– Ну, как там дела на диссидентском фронте?
Меня, честно скажу, это покоробило. Мне не нравилось, когда некоторые мои товарищи стали выражать свое ко мне отношение как к человеку, сменившему профессию писателя на диссидента, то есть на не совсем писателя. Я тогда слышал, да и сейчас (особенно когда внутренняя ситуация в стране обостряется) приходится слышать от собратьев по перу мнение, что писатель должен заниматься своим делом, а волнение по поводу чьего-то ареста и тем более выступление в защиту кого-то, это как бы политика и недостойная художника суета. Вот примерно такое представление о месте художника в обществе я услышал в словах Высоцкого.

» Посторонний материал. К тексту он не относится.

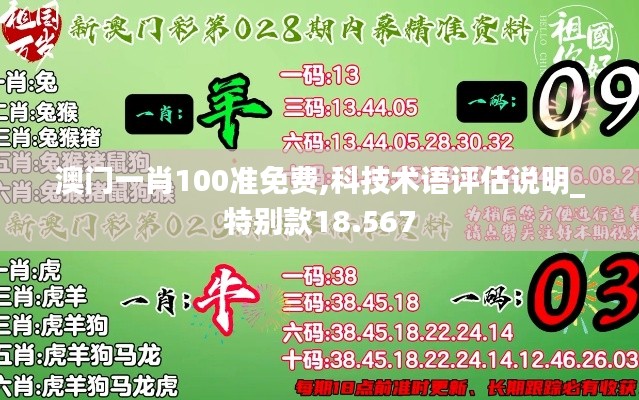 澳门一肖100准免费,科技术语评估说明_特别款18.567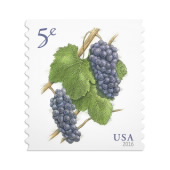 Grapes Stamps image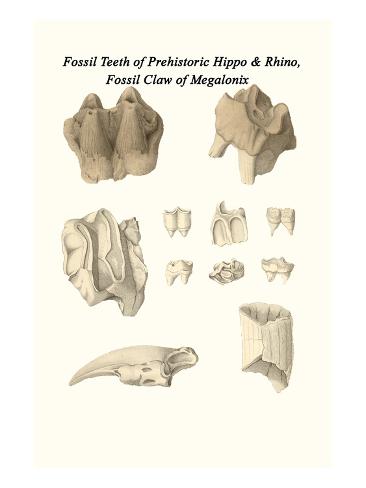 Rhino Fossil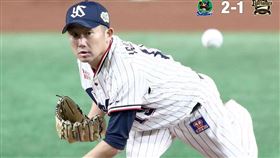 ▲養樂多左投石川雅規。（圖／取自養樂多燕子FB）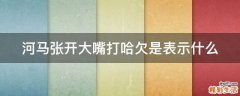 河马张开大嘴打哈欠是表示什么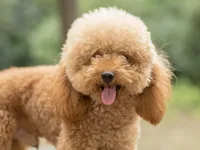 Caniche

Прошло еще какое-то время. И уже, если не ошибаюсь, весной 1980 года меня встреченный где-то Вениамин Смехов пригласил на премьеру «Мастера и Маргариты», где он играл Воланда.
Я пришел, сунулся в окошко администратора, а там – Высоцкий. Он вышел мне навстречу и предложил:
– Еще рано, пойдем посидим в директорском кабинете.

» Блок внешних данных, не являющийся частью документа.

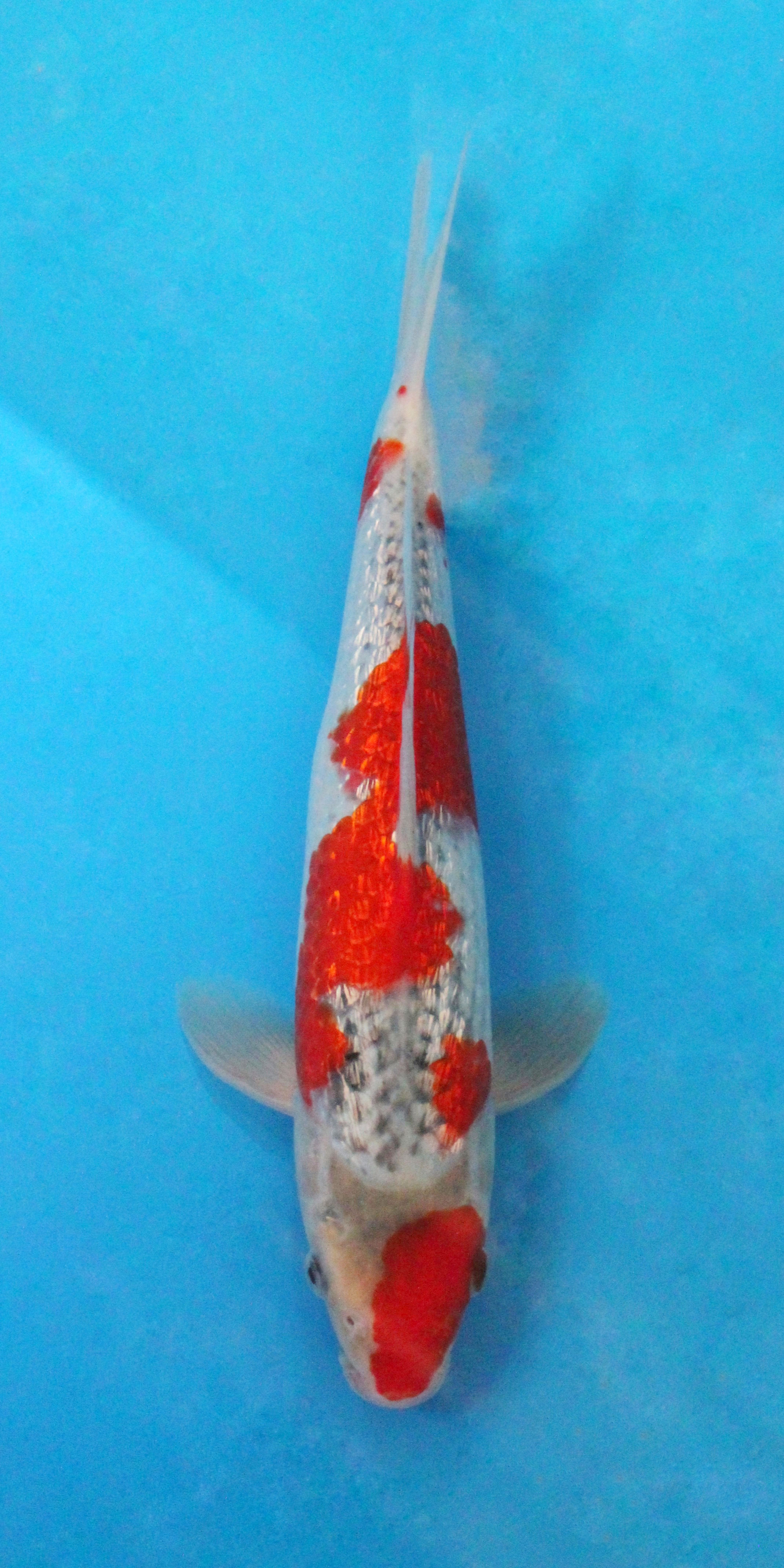 Ginrin Goshiki - 28cm - Nisai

Мы пошли. Сидели. Разговаривали, как говорится, оживленно. Он мне рассказывал какие-то байки, из которых я приблизительно запомнил одну. Как его вызвали в КГБ, там какой-то чин на него кричал, пеняя ему, что он в своих песнях называет фамилии секретных сотрудников. Володя не понял: каких сотрудников?

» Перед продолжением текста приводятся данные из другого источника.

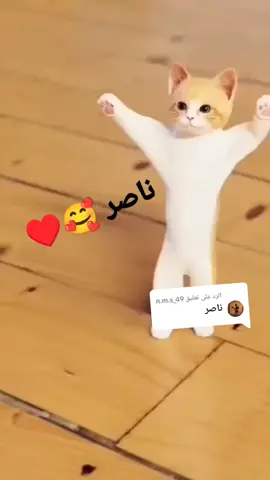 الرد على @n.m.s_49 حسب الطلب ناصر 🥰♥️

– Ну, например, генерала Светличного.
Оказалось, что в какой-то из песен Высоцкого были слова (контекста не знаю) что-то вроде «света личного», а тем, кто слушал и донес, послышалась фамилия генерала.
Время приближалось к началу спектакля. По внутреннему радио объявили, что участникам спектакля пора приготовиться. Высоцкий не шелохнулся. Я спросил:
– А ты что, сегодня не играешь?
Он сказал:
– Нет.
– А зачем пришел?
Он странно на меня посмотрел:
– Как зачем? Тебя повидать.
Я смутился, потому что никак не думал, что я для него что-то значу.
А он вдруг сказал как-то очень душевно, извиняясь, как я потом подумал, за свой вопрос о «диссидентских делах», поняв, что меня обидел:
– Слушай, а что мы с тобой не видимся? Ты бы меня пригласил к себе, я бы приехал, песни попел бы. Я вот завтра улетаю в Астрахань, а приеду, и давай созвонимся и пообщаемся.
Я был смущен и польщен и собирался его пригласить. Но потом как-то засомневался. Мы все-таки не были такими уж закадычными друзьями. Гораздо ближе я в то время дружил с Окуджавой и Галичем. Я стал думать, что, может быть, предложение Володи общаться было продиктовано временным движением души. Я приглашу, ему не очень захочется, но и отказаться будет как-то неловко.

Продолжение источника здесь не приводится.